Writing Without Sweatpants
How I learned to be my own boss, complete with a company dress code
Way back when, I had a boyfriend who could only write if he was wearing a collared shirt, a tie, and well-pressed trousers. This was back in prehistoric times, when I was a fresh-faced youngster getting started in journalism. My wardrobe at that time was motley. I had a lot of jeans; a lot of odd pieces I had sourced at the local Goodwill; a few granny dresses; and an oversupply of vintage sequined sweaters. I might have owned a dress (or maybe I didn’t), and I certainly didn’t own anything that could have passed muster as business attire.
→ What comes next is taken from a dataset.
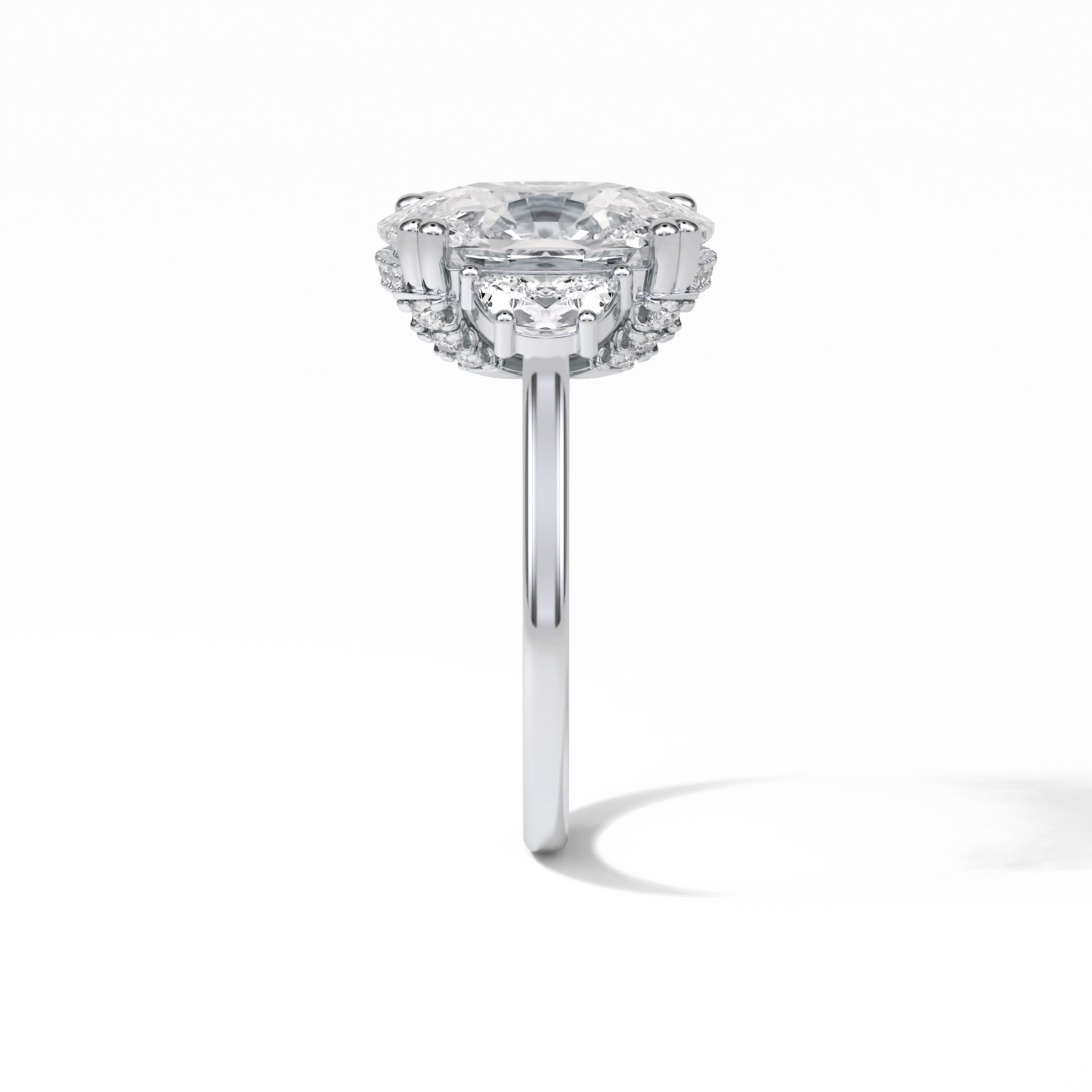 Cushion Three Stones Lab Grown Diamond Engagement Ring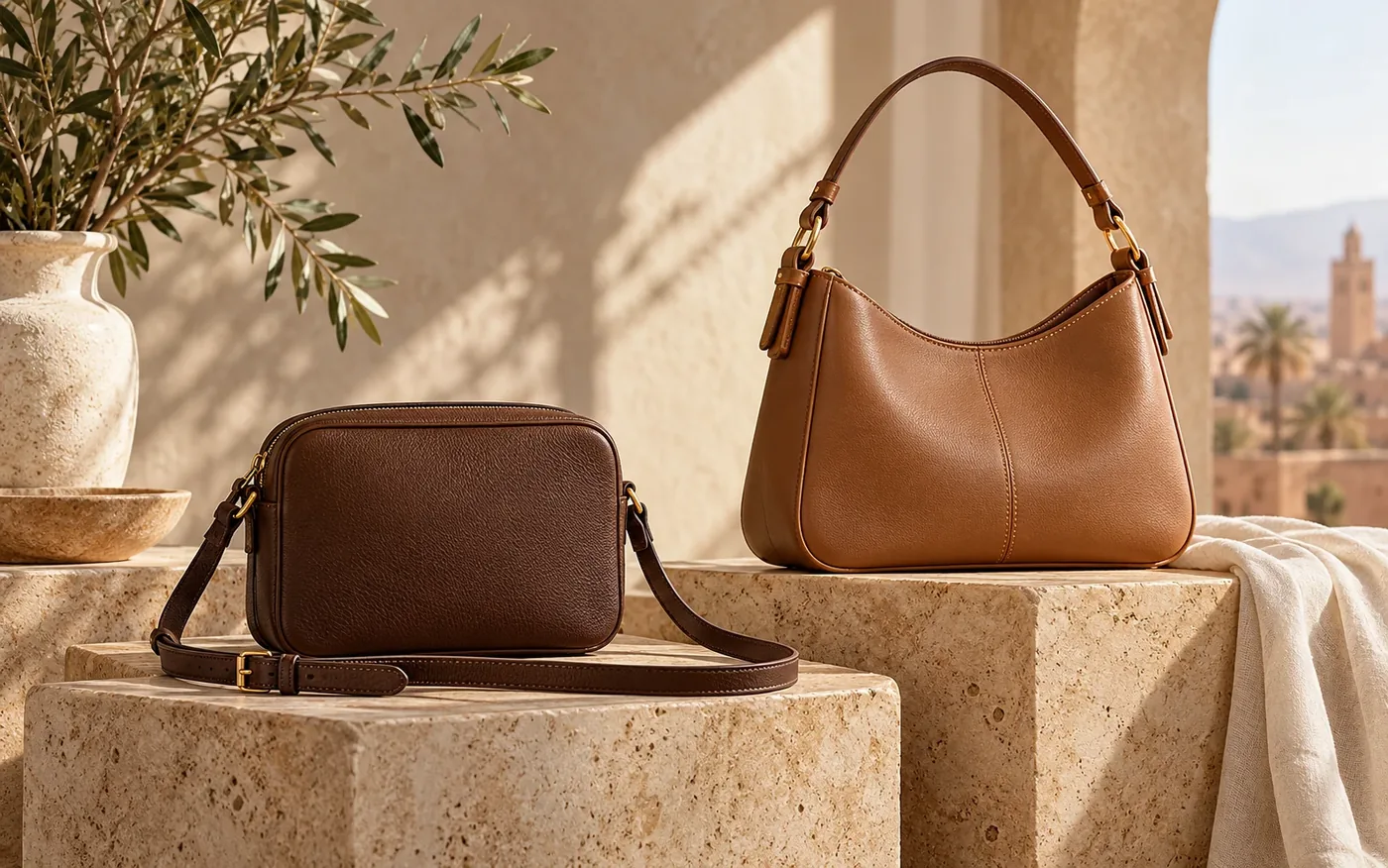 Comparaison entre un sac bandoulière marron et un sac porté épaule camel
At the time, my boyfriend and I worked for an alternative newsweekly in Portland, Oregon. He wrote about business, and I covered whatever thrilling bits and bobs caught my attention. He was diligent; I was passionate and a little undisciplined. I viewed his shirt-and-tie ritual as a little weird, slightly kinky and bondage-y and uptight. Unlike him, I wrote on the fly, wherever I found a flat surface and a pen, in whatever messy getup I had on. I didn’t have any rituals that marked the difference between ordinary time and work time; it was one slippery slide. I definitely didn’t dress for work, and wouldn’t have quite known what that would have even looked like.